▶ _What you are asked to do_
Only the lines from the one containing "Vintage Silver Tone" through the final line below belong in the output, copied exactly and without pictures.

▶ _Records for this exercise_
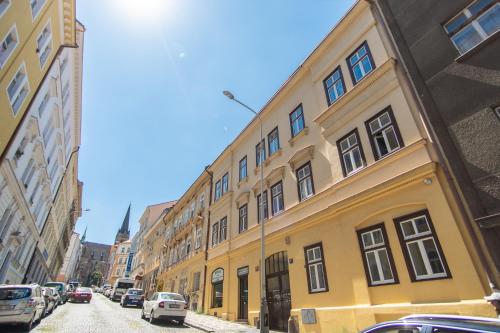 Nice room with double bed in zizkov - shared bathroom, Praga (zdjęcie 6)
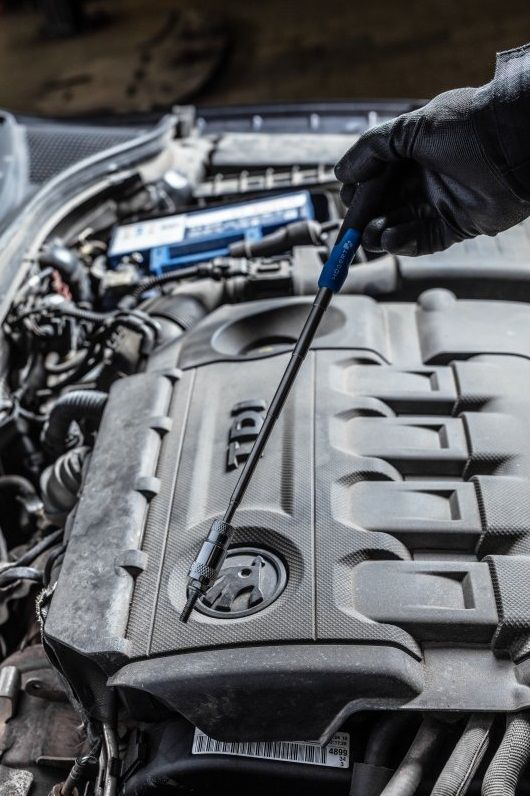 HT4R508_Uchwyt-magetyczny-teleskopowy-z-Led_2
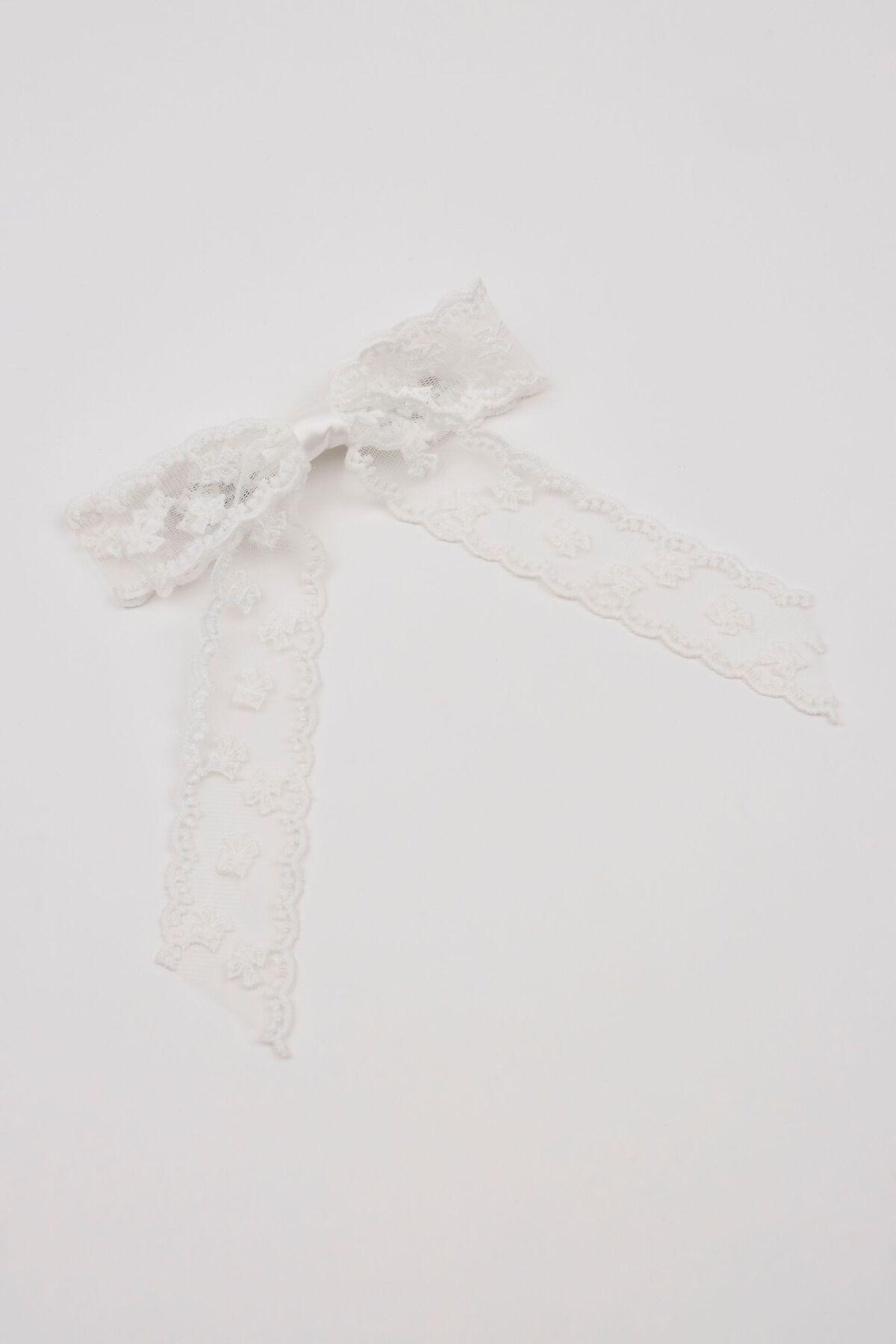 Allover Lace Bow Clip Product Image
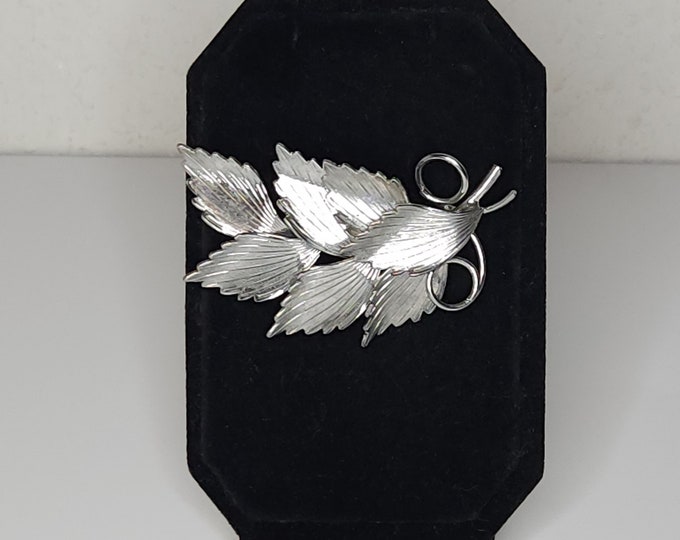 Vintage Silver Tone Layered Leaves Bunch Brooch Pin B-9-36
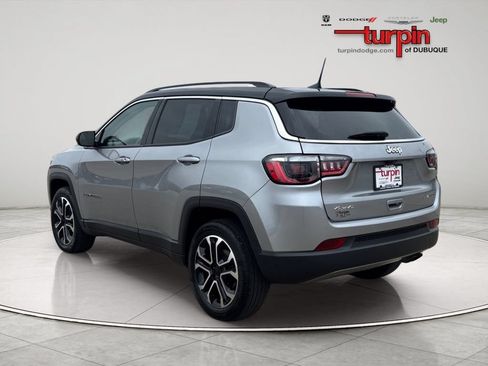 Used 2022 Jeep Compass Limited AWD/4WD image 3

▶ _Result of this task_
 Vintage Silver Tone Layered Leaves Bunch Brooch Pin B-9-36
 Used 2022 Jeep Compass Limited AWD/4WD image 3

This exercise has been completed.